Informatica and the Power of Data Virtualization
From Informatica's viewpoint, being realistic about data virtualization shouldn't mean adjusting -- or curbing-- your expectations of what the technology can do.
- By Stephen Swoyer
Ash Parikh, director of product marketing for Informatica Corp., says he's as enthusiastic about data virtualization (DV) as any of his competitors, but he says Informatica is more realistic about DV than its competitors, too.
There's a catch, however. From Parikh's perspective, being realistic shouldn't mean adjusting -- or curbing, for that matter -- your expectations. That's at the core of Informatica Data Services (IDS), the data virtualization services platform Informatica launched last year.
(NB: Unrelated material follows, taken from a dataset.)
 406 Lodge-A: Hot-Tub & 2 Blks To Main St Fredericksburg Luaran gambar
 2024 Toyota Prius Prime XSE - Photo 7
"What if in data virtualization you could actually do profiling in mid-stream, on federated data? You're saving time, right? What if you could actually enforce the data quality, the cleansing, the masking, and all of the rich rules in real-time [for] federated data?" he asks.
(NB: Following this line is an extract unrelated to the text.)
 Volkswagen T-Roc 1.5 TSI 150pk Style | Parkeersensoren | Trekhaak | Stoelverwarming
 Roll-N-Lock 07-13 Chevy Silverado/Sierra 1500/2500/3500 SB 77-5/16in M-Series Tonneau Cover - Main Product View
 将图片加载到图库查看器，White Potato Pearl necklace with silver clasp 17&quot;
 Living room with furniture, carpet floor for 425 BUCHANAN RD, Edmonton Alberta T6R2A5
"You have to do all of this in flight, and [some of our competitors] will tell you, 'No one can do that!' However, if data virtualization is going to be successful, it needs to be optimized as an end-to-end process. This is why you need a data integration vendor who truly understands the end-to-end flow."
Of course, DV seems to imply (or assume) some degree of data federation (DF), whether it's federation in a pragmatic sense (in which DF is used to create a virtual view of heterogeneous, siloed, or otherwise-unmanaged data sources) or federation in a high-level sense -- i.e., a virtual view of multiple managed data sources, be they data marts, data warehouses, operational repositories, and so on.
Parikh doesn't dispute this. In fact, he concedes, DV itself addresses one or both of these use cases. What seems to irk him most is the claim that data federation is somehow an extra- or super-DI practice. Parikh dismisses this as misguided.
"From the beginning, some of the traditional data federation vendors treated federation [as] outside the purview of core data integration. What we [at Informatica] said is that data federation is a subset of all the things you're going to do in the data integration space. To an architect, that translates into a single environment for both data federation and traditional data integration," he explains. DF players who've argued the contrary tended to do so to offset their own technological limitations or their limited perspective, Parikh argues.
This is doubly the case in the Brave New World of DV, he continues.
"If I were a customer, the first thing I'd ask is 'When I create these virtual views, am I going to need a separate tool to virtualize or move that data into a persistent store, like a DW?'" Parikh explains. "But why would you need a separate tool? Why would you want to pay for the training or [the] skills ... to understand a whole new tool? In data virtualization, there are use cases for data federation or traditional data integration. It makes more sense to offer both in a single environment."
Informatica's two-tools-in-a-toolbox argument could be seen as likewise self-serving, but Parikh doesn't think so. "It isn't a question of our not being able to do [data federation]. What we're saying is, we can provide you with a virtual view, and we can provide you with all of the ETL-like data transformations that you like. We're now providing those [transformations] in real-time, to a virtual view as [data] is in-flight. We do that even with DQ transformations and with data masking. Imagine how complex that is!" he argues.
The beauty of data virtualization, as Parikh sees it, is that it enables faster, richer collaboration between DI architects and the line-of-business. That's been a big problem -- it's arguably been the Big Problem -- from the beginning
"The problem was that the business got involved too late. By the time [IT] delivered [connectivity to the requested data sources], it could be weeks or months, and what if they missed [the mark]? What if [users] can't access specific data, or they can't access it in the best or the mostly highly-optimized way?" he points out.
"The business user needs to be the person who owns the data, because the business user tends to be the person who knows the data best. So ... let them own the creation of a data model or these business rules, these masking rules, [of] all of the different policies they need to create. IT is not losing control; they're bringing the business user much closer to what they truly need to do."
This is what makes DV so compelling, Parikh argues: in some cases, it can radically accelerate the data integration timetable, shifting the period from "days or weeks or months down to a hours or even minutes."
Secondly and most importantly, it emphasizes the involvement of the business at a very early stage -- e.g., the creation of logical objects -- and likewise promises to give the business an ownership stake in the project.
"Our approach is to have IT work with the business to create logical objects. You might take one of these [logical objects] and point to it and say, 'This is going to support applications that are talking SQL,' but in the very next minute you might say, 'I want this [logical object] to support Web services.' With just a click, you can have it point to SQL, to Web services, or even to batch," he says.